La apariencia de una mujer hermosa con tal aspecto estaba destinada a atraer la atención de la gente, y había un toque de ambigüedad en las miradas.
El hombre cercano estaba hipnotizado cuando sonó una voz desde atrás:
—¿Te gusta lo que ves?
¿Quieres mirar más de cerca?
Avery se acercó a Darlene y la envolvió con un abrigo.
La sostuvo en sus brazos, bloqueando las miradas de los hombres que la observaban.
El hombre miró a Avery.
Cuando el hombre vio un par de ojos fríos, inmediatamente se dio la vuelta y se marchó apresuradamente.
El hombre incluso se olvidó de entrar al ascensor y subir.
Darlene no reaccionó.
No sintió lo que Avery dijo o hizo, ni notó las miradas de esos hombres.
Darlene solo miraba fijamente el número fuera del ascensor, esperando que el ascensor bajara.
Darlene pensó: «¿Cómo podría Reina saber que Nigel estaba muerto?
Alguien debe habérselo dicho en secreto, al igual que alguien había provocado a Nigel en el pasado y causó que Nigel tuviera un accidente automovilístico».
Darlene apretó sus puños con fuerza hasta que la puerta del ascensor se abrió.
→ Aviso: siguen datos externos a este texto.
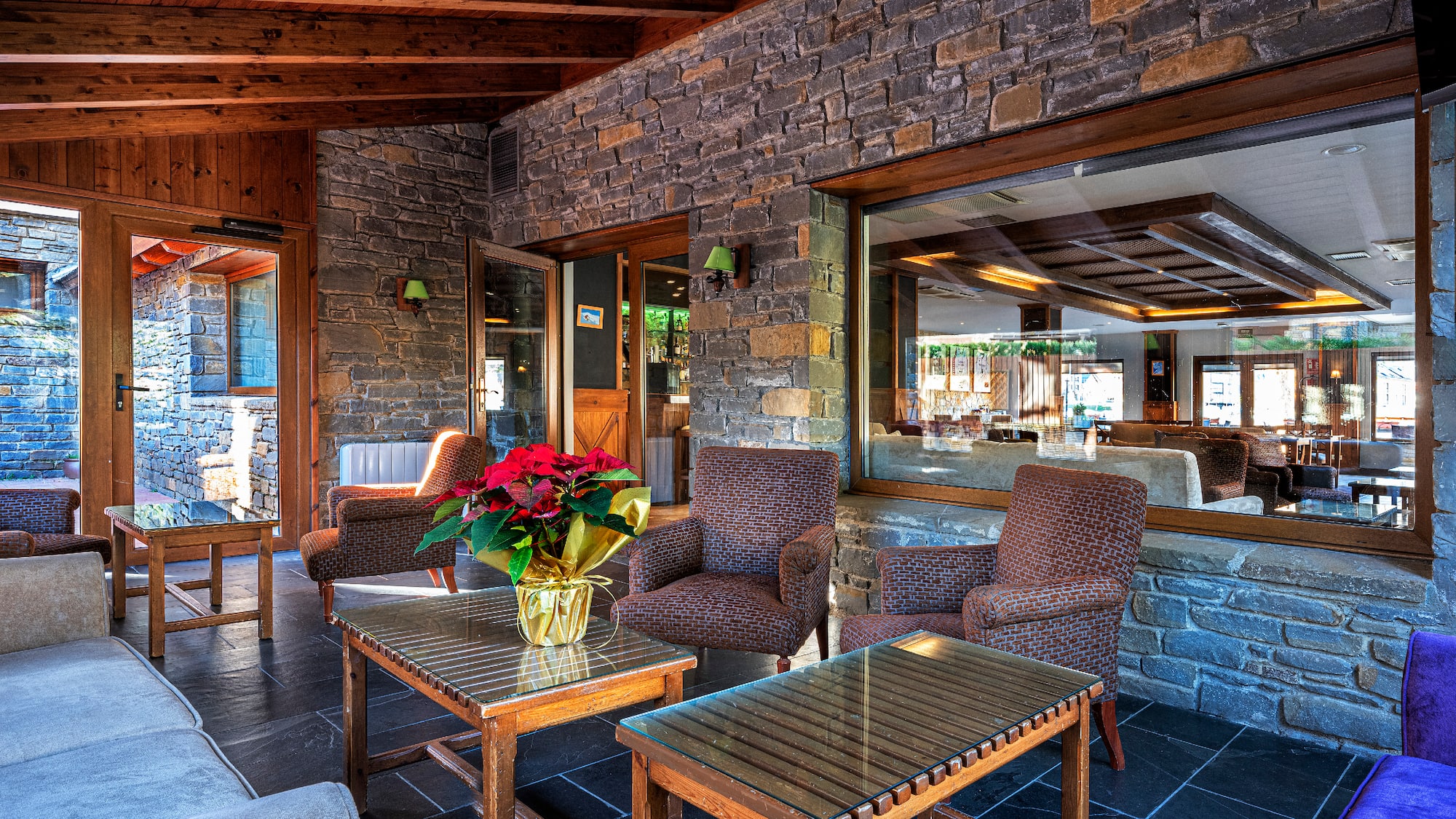 a patio with chairs and a table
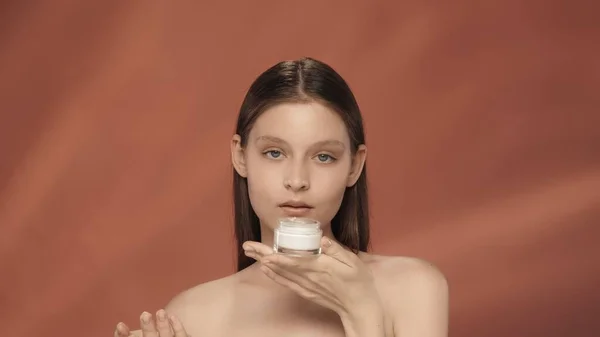 一个女人拿着一罐化妆品霜 显赫的女人与一罐奶油在工作室的红色背景 关怀的概念 — 图库照片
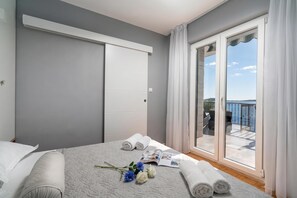 A bedroom with a bed, a window, and a view of a balcony.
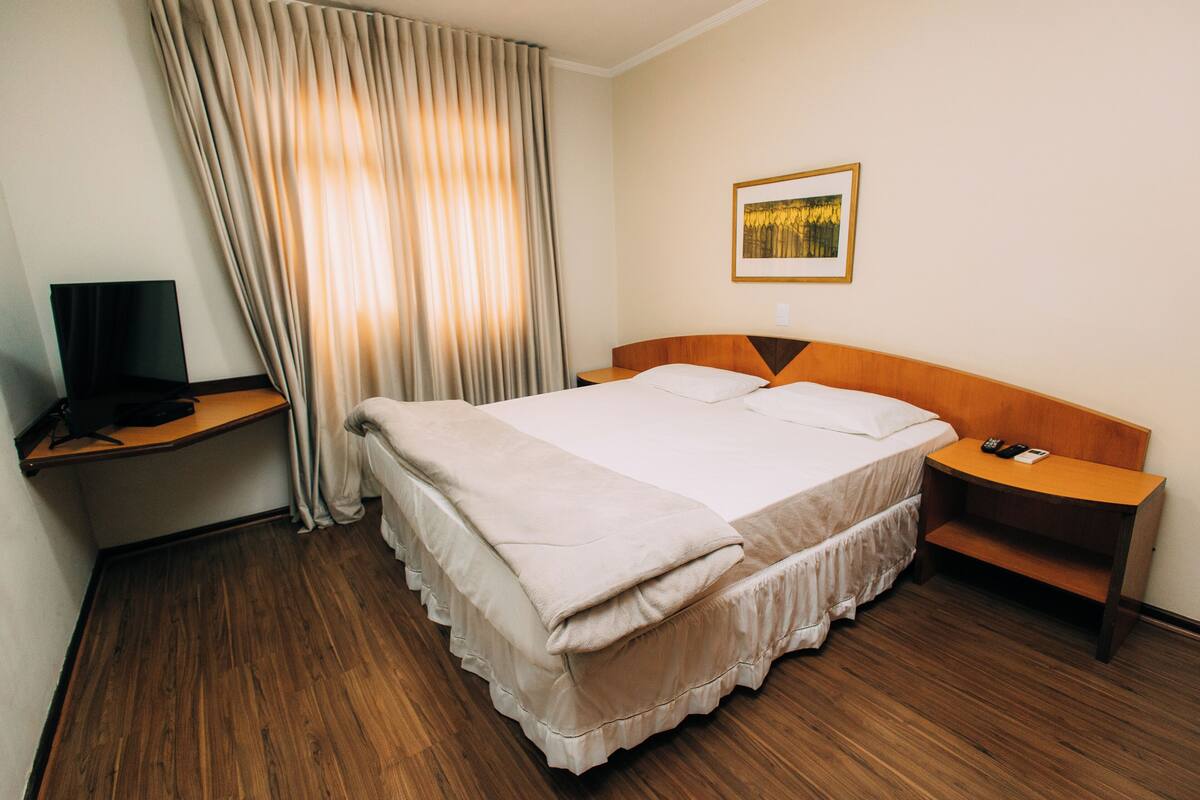 A hotel room with a bed, a desk with a television, a nightstand, and a painting on the wall.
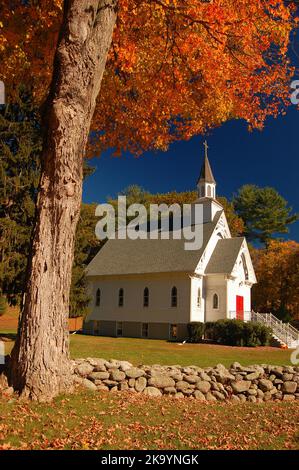 La piccola cappella della chiesa di St Bridget è incorniciata da un muro di pietra e da un brillante e colorato fogliame autunnale in una classica scena autunnale del New England Foto Stock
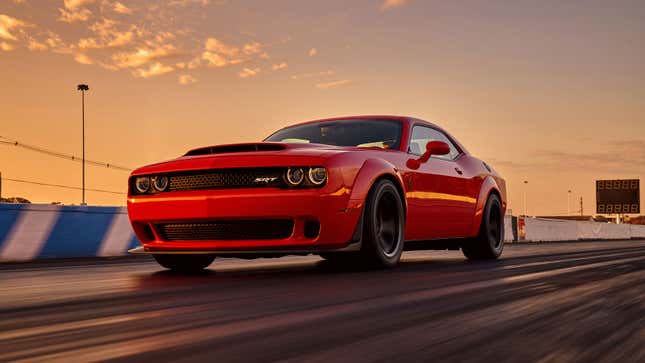 A photo of a red Dodge Demon on a race track. 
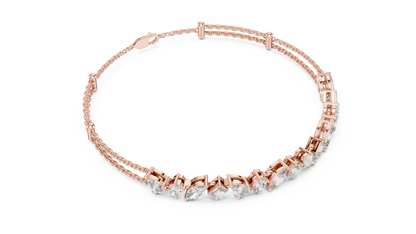 Marquise and emerald diamond tennis bracelet featuring mixed-cut sparkling stones in an elegant chain design by Aortas Jewels.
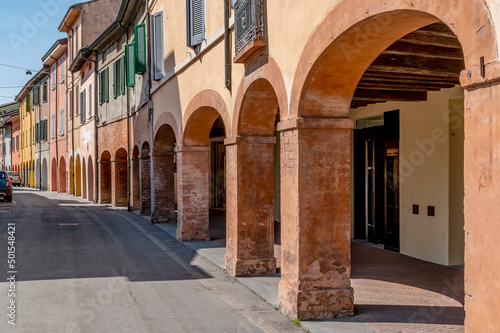 The colorful arcades of via Sanvitale  historic center of Fontanellato  Parma  Italy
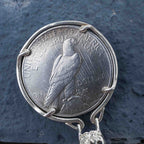Skull aviator coin pendant reversed to show the Peace Dollar standing eagle with United States of America and One Dollar inscription, in a four-prong bezel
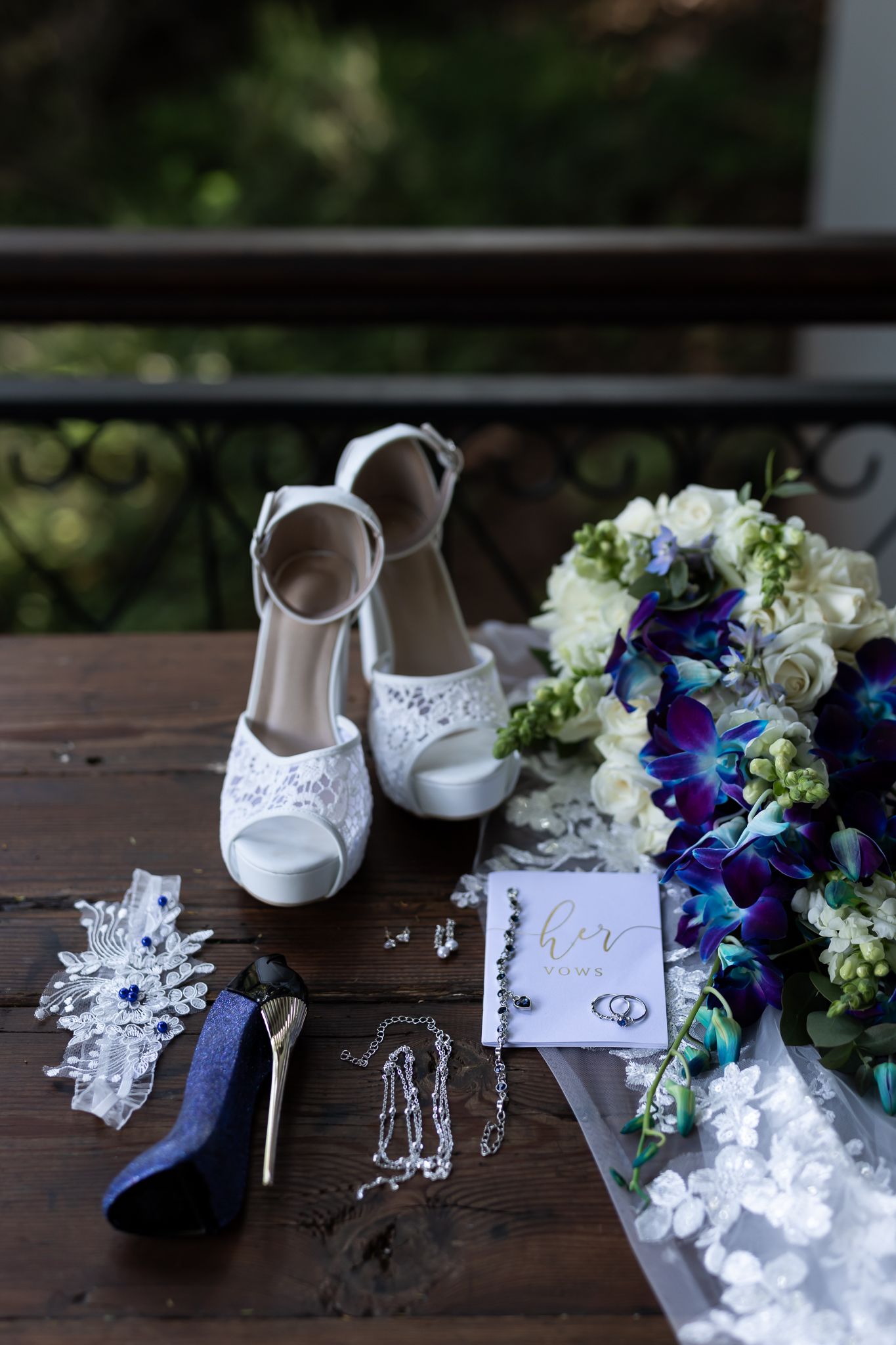 Wedding accessories including white lace shoes, blue and white floral bouquet, and jewelry arranged on wooden surface.
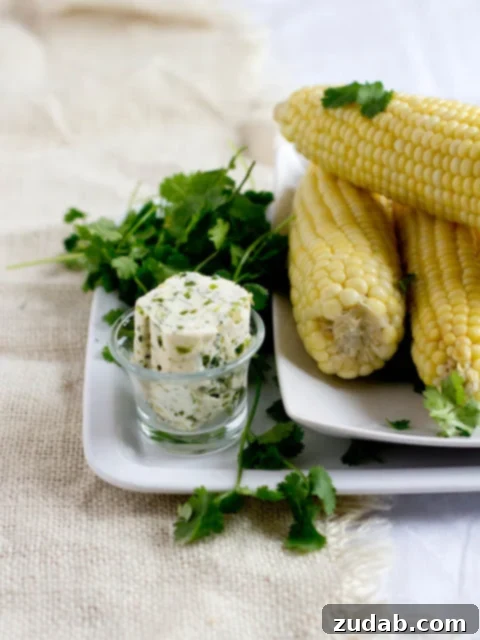 Cilantro Buttered Corn 2 Cilantro Butter Corn on the cob, garnished with fresh cilantro leaves, on a rustic wooden surface.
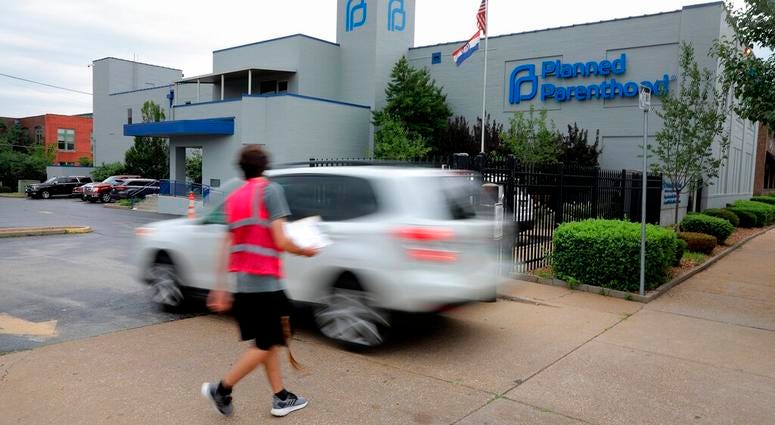 FILE - In this June 21, 2019, file photo, a motorist enters Planned Parenthood of the St. Louis Region and Southwest Missouri. A new Missouri ban on abortions at or after eight weeks of pregnancy won't take effect on August 28 after a federal judge tempor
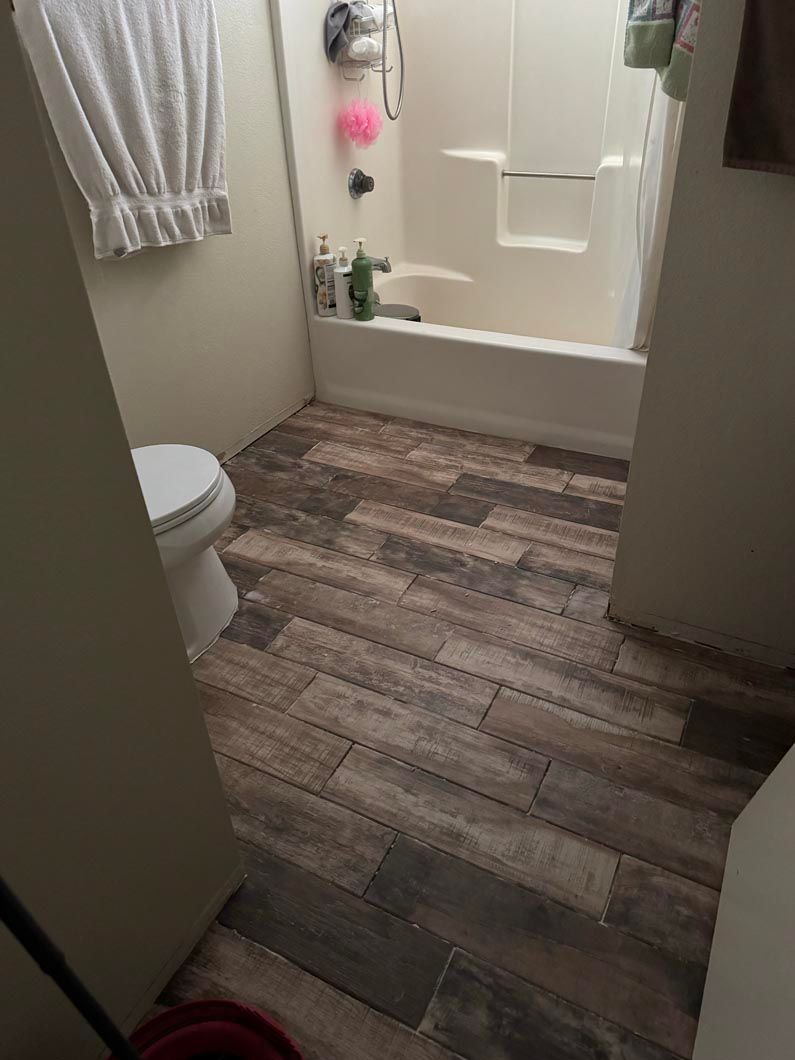 A bathroom with a toilet , tub , shower and wooden floor.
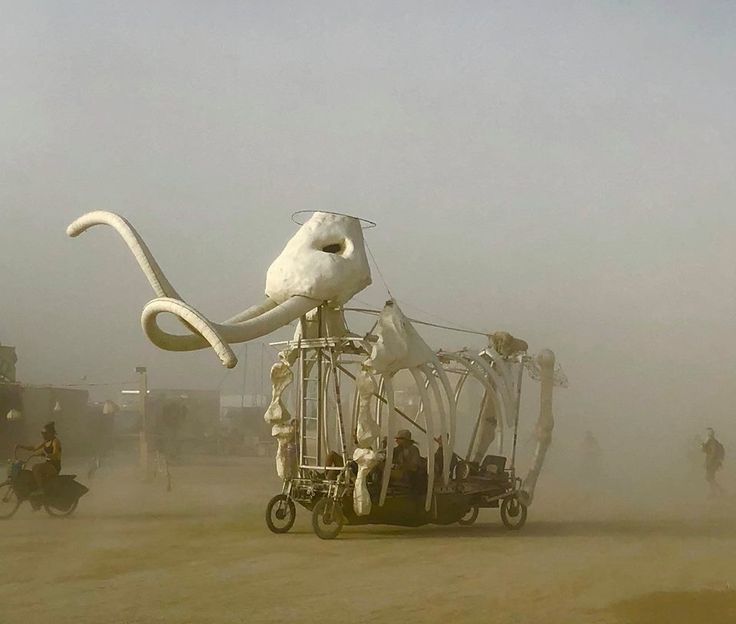 an octopus sculpture on wheels in the middle of a dirt field with people riding bikes behind it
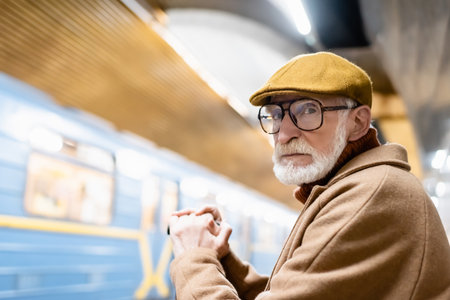 senior man in autumn clothes and eyeglasses looking at camera on metro platform with blurred trainの写真素材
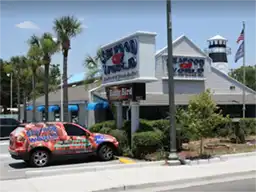 Seafood World restaurant exterior with branded car
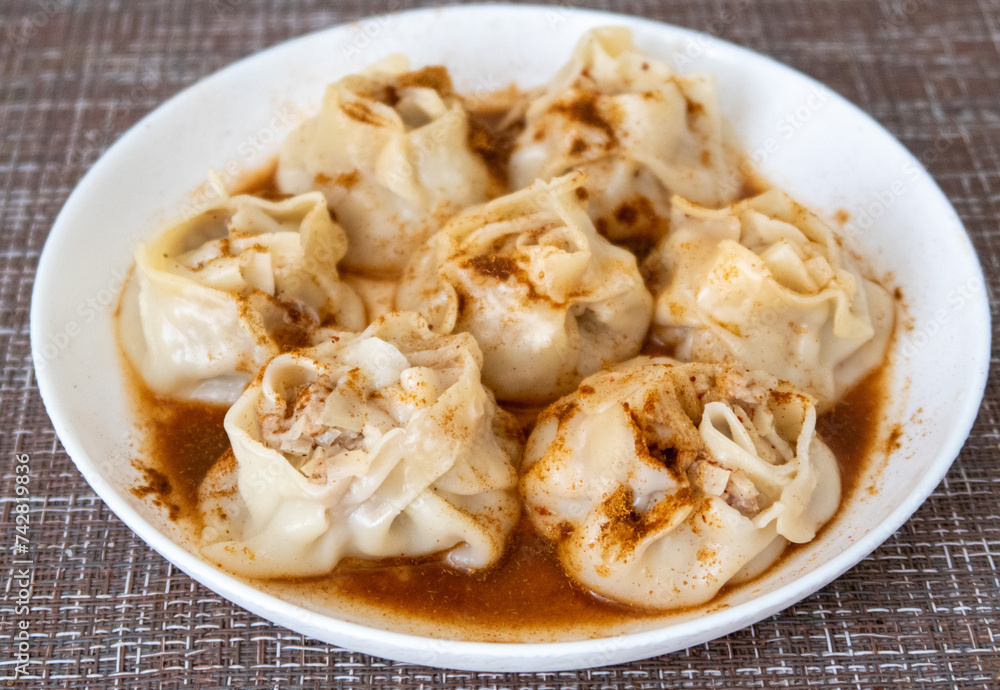 manti sprinkled with pepper on a plate, asian food manti sprinkled with pepper on a plate, asian food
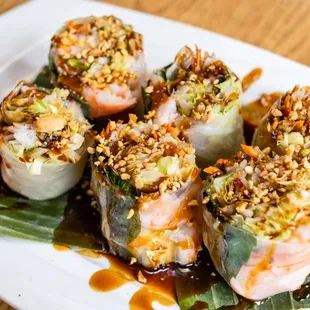 a plate of sushi rolls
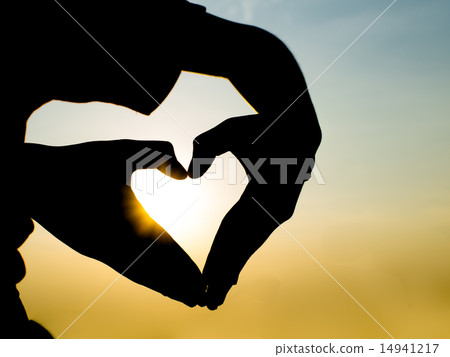 Silhouette hand in heart shape during sunset Silhouette hand in heart shape during sunset 14941217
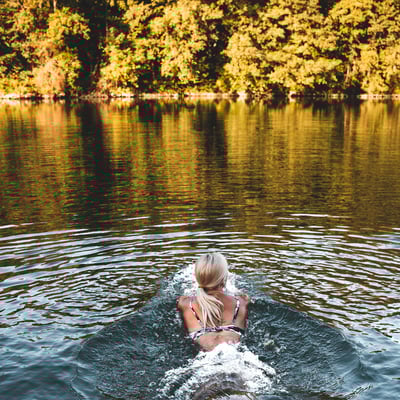 Girl swimming in lake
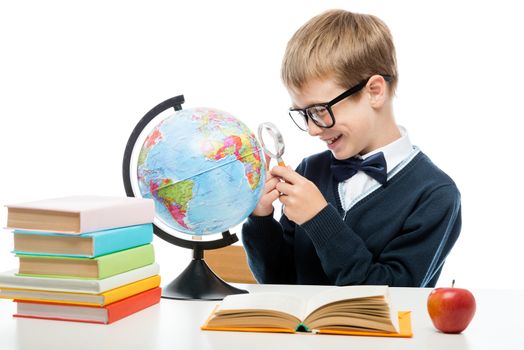cheerful schoolboy with a magnifying glass examines the globe at the table, portrait is isolated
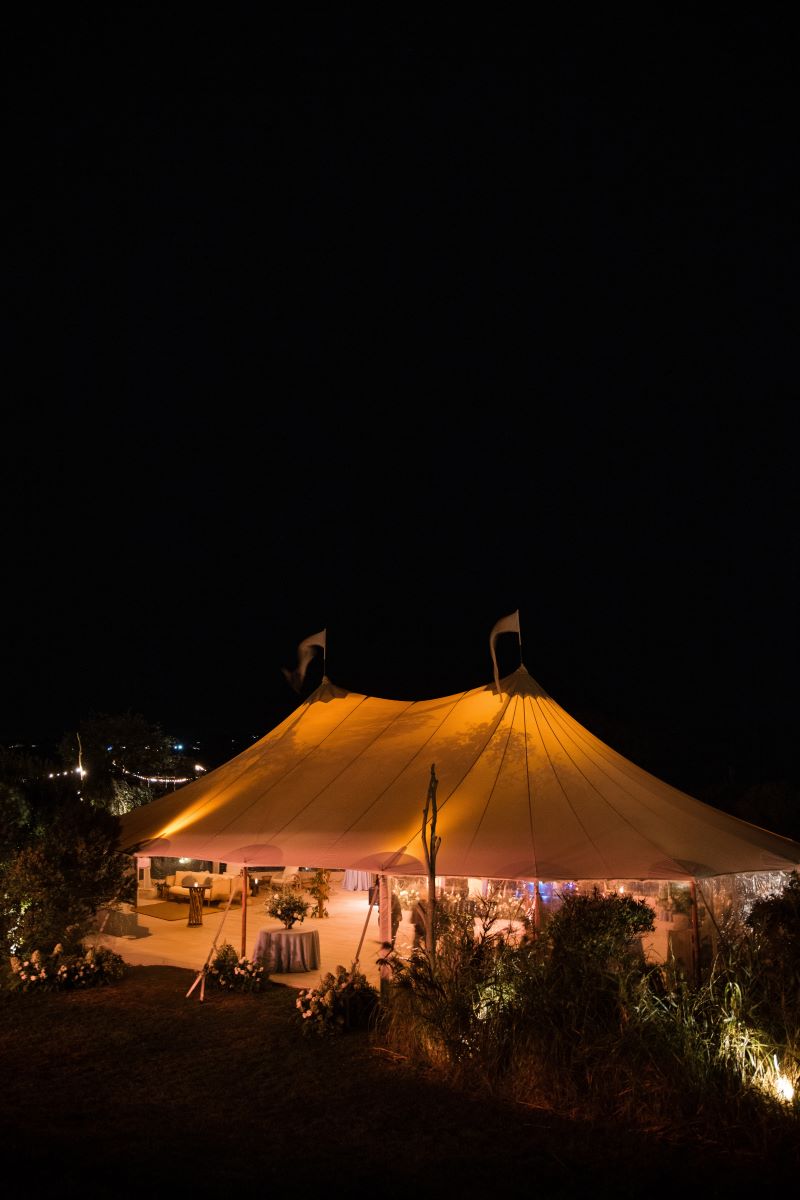 montauk wedding with a massive tent that is lit up with lights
Una mujer con mascarilla y gafas de sol pasó frente a Darlene cara a cara.
La mujer rápidamente bajó la cabeza y se apresuró a salir.
Incluso chocó accidentalmente con alguien.
Darlene recordó esa mirada y dijo inconscientemente:
—Esa persona se ve familiar.
Avery inmediatamente miró a Colin que los seguía.
—Ve afuera y sigue a la mujer de las gafas de sol, mira si la reconoces.